**WHAT TO DO**. Pictures stay out. Everything else in the listing below gets written out exactly.

**DATA FOR PROCESSING**.
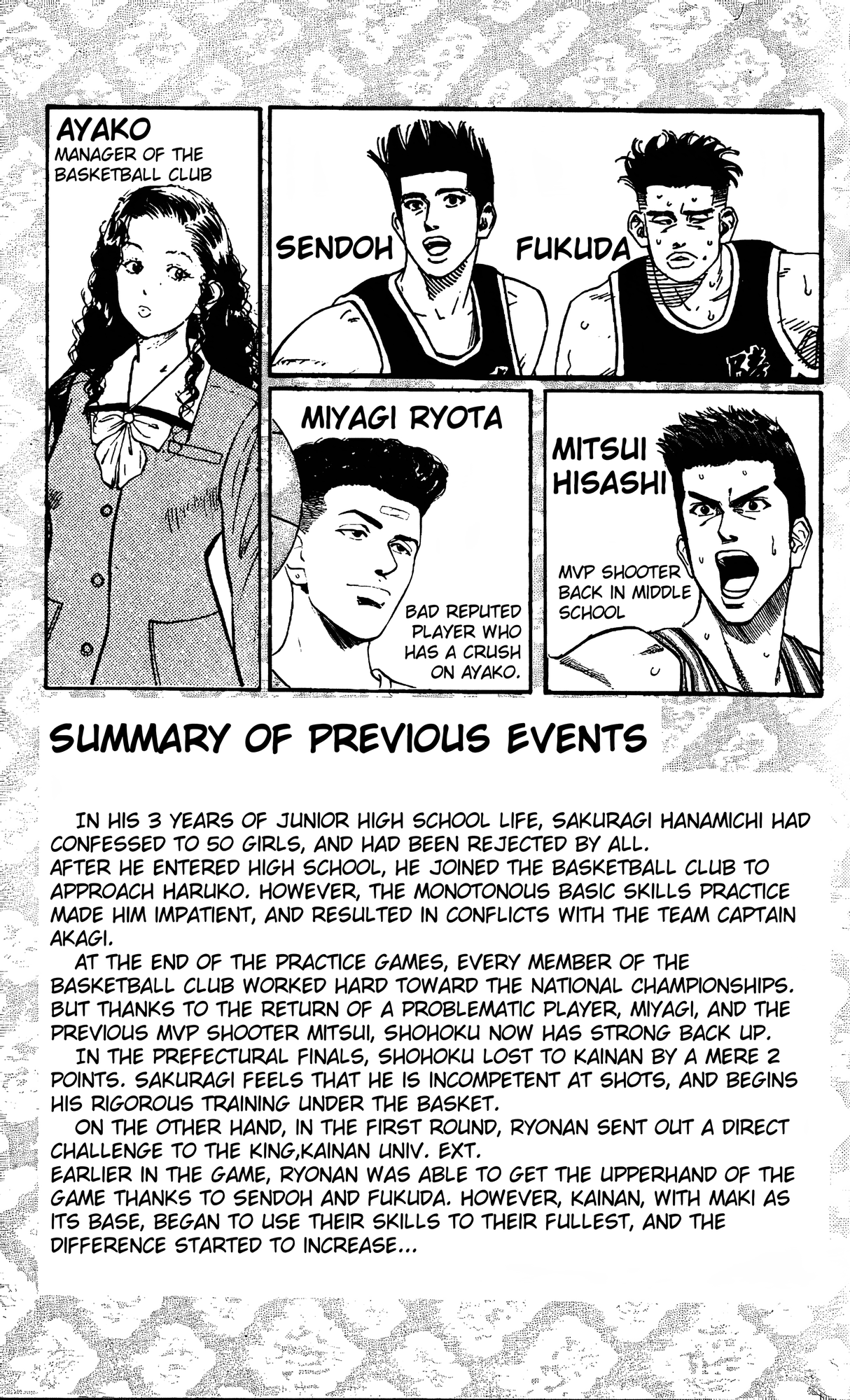 Read Slam Dunk En Manga Online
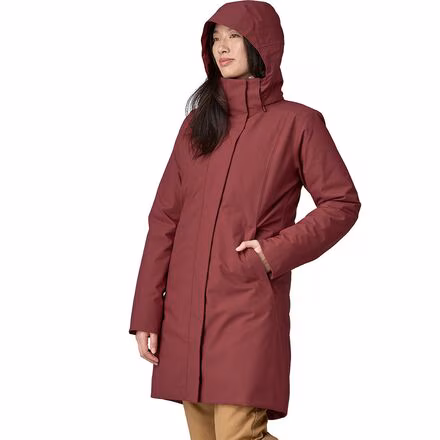 Tres Down 3-In-1 Parka - Women's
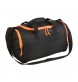 Borsone sport in polyester 600d con tasca porta scarpe FullGadgets.com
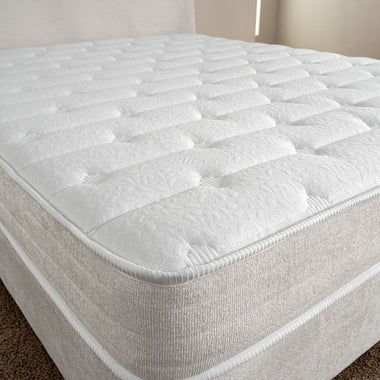 Boxspring met opbergruimte Curve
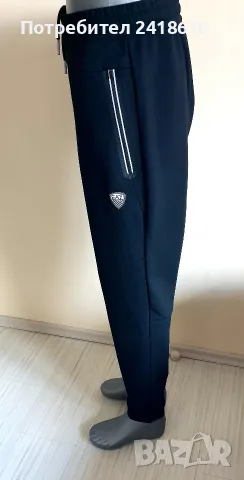 Emporio Armani EA7 Mens Size XL НОВО! ОРИГИНАЛ! Мъжко Долнище!, снимка 8 - Спортни дрехи, екипи - 55316130
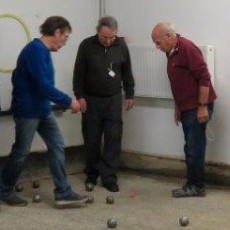 Boules et cartes 12.2018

**ANSWER BELOW**.
 Read Slam Dunk En Manga Online
 Tres Down 3-In-1 Parka - Women's
 Borsone sport in polyester 600d con tasca porta scarpe FullGadgets.com
 Boxspring met opbergruimte Curve
 Emporio Armani EA7 Mens Size XL НОВО! ОРИГИНАЛ! Мъжко Долнище!, снимка 8 - Спортни дрехи, екипи - 55316130
 Boules et cartes 12.2018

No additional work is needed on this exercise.